眉を寄せたグレンが茂みへと近付き、辺りを確認する。そこには男が一人倒れていた。腕に擦り傷、頭には殴られたような傷があり血が固まっている。しかし、引き裂かれたような痕は無い。
「死んでるのか?」
グレンが男の首筋に手を軽く当てて生死の確認を行おうとすると、フッと男の目が開き二人の視線がパチリとぶつかった。すると男は驚いた顔で急に起き上がる。グレンを指差すと、大きな声を上げた。
「さ、ささ殺人鬼!」
「違ぇよ……一体何があった?」
ガタガタと震える男にそう尋ねると、男は三人の姿をまじまじと見つめてホッとしたように息を吐く。
どうやら殺人鬼でないことは分かってもらえたようだ。震える男が荒げた息を整えるのを待った後、男から事の次第を聞き出すことが出来た。
日野達がまだ湖の街に滞在していた頃、男は薬草を取りに山へと出かけたらしい。その帰り道、森の中にも生えている薬草を取りながら湖の街の方へ向かって歩いていた。
すると男は突然、武器を持った男達に襲われる。七人はいたと言い、腕と頭の傷はその男達に襲われ逃げた時のものだと言った。
「逃げる途中で赤い髪の子供にぶつかって、その両親に助けを求めたんだ。でも、助けを求めた父親の方が本物の殺人鬼で……俺を追ってきた男達を皆殺しにしちまった!! 体がバラバラにされて、首も吹っ飛んで……あんなの人間じゃない……化け物のやることだよ……」
「そいつ、白髪金目だったか?」
「ああ、そうだよ! 君も知ってるのか!?」
「一応な。とにかく、あんたは怪我してんだろ? 意識が戻ったならすぐに街へ帰りな。立てるか?」
そう言ってグレンは手を伸ばすと、男の手をグッと引いて立たせた。頭や腕から流れていたであろう血も固まっているし、そこまで心配する必要も無さそうだ。

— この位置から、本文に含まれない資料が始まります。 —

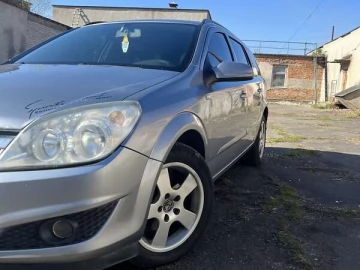 Авто Opel Astra 2007 № 7601557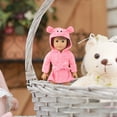 thumbnail image 2 of LOLIPPYY Doll Clothes Accessories Creative Pig Shaped Doll Clothes Pig Clothes for Doll, 2 of 7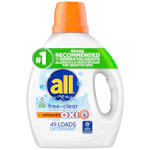 all Free Clear Laundry Detergent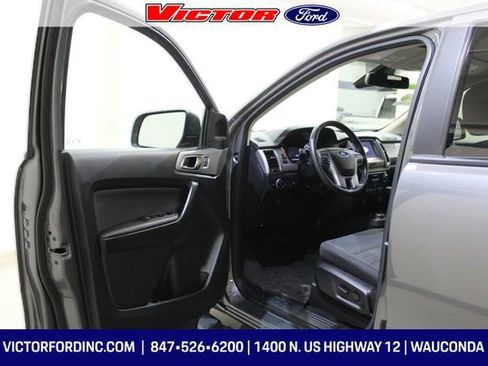 Used 2023 Ford Ranger XLT w/ Equipment Group 302A High image 4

男はペコペコと三人に頭を下げると、湖の街の方へと歩いて行く。すると、遠ざかっていく男の背中を見つめながら日野がポツリと呟いた。
「化け物、か……」
眉を下げ、悲しそうに小さな笑みを浮かべる日野の頭に、近付いてきたグレンの手がぽんっと置かれる。日野が顔を上げると、グレンは目を細めた。

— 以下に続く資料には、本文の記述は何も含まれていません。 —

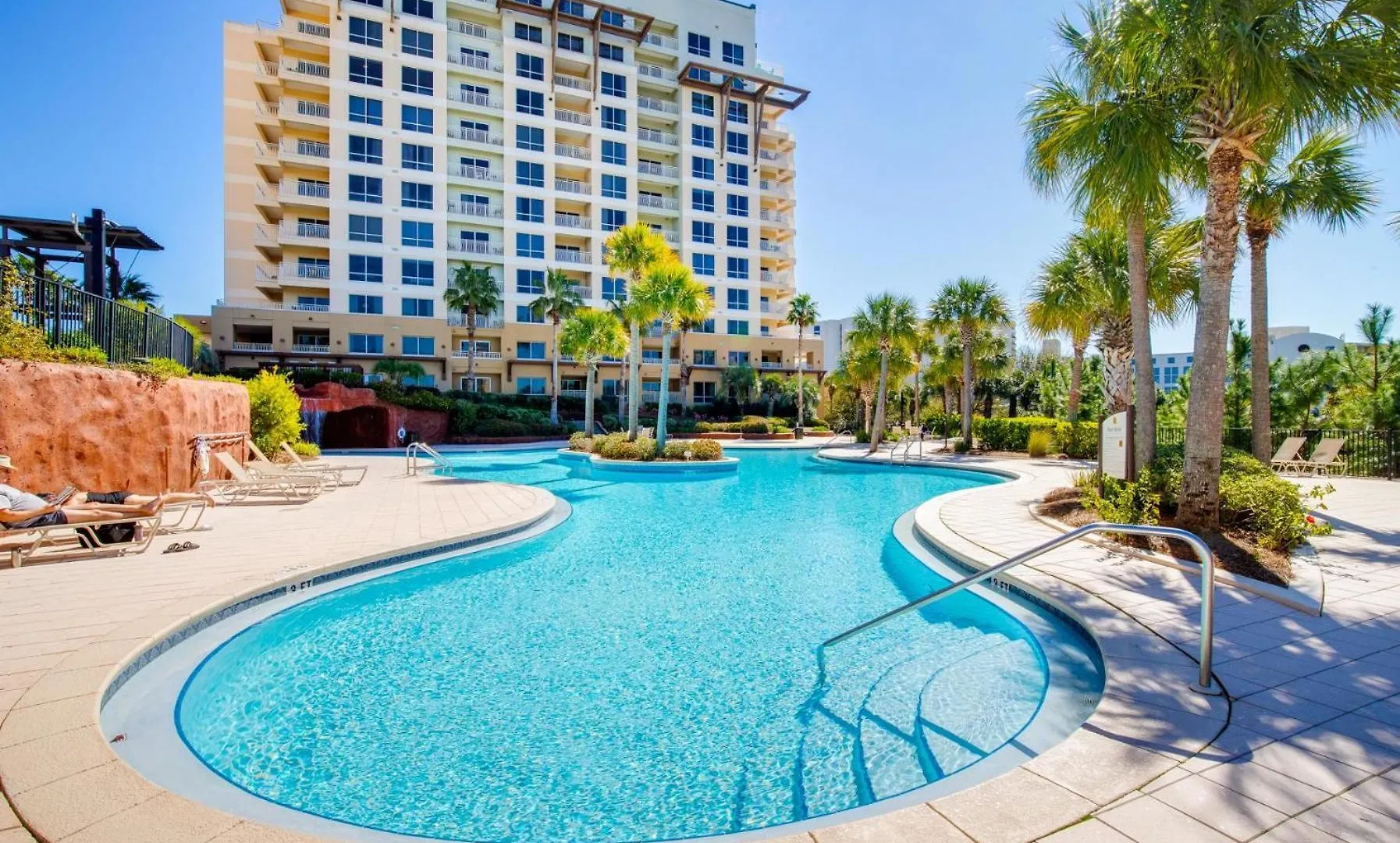 Luau I 7701 Holiday home Destin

「そうならないように、本が必要なんだろ。何か力を抑える手掛かりが書いてあるかもしれないんだ。本を奪うか、刻から聞き出すか、どちらにせよ俺達はこの血を辿って行かなきゃいけない」
「大丈夫、今度はちゃんとボクらが守るから」
大きな手が日野の頭をクシャクシャと撫で、小さな手が日野の手をキュッと握る。それだけで心強い。
もう誰も傷付けないように、自分自身で力を抑える方法を必ず見つけ出す。そしてグレンとハルの、刻の破壊を止めるという目的を手助けするために、強くならなければ……。
日野はハルの手をキュッと握り返し、二人にありがとうと言って、ふわりと微笑んだ。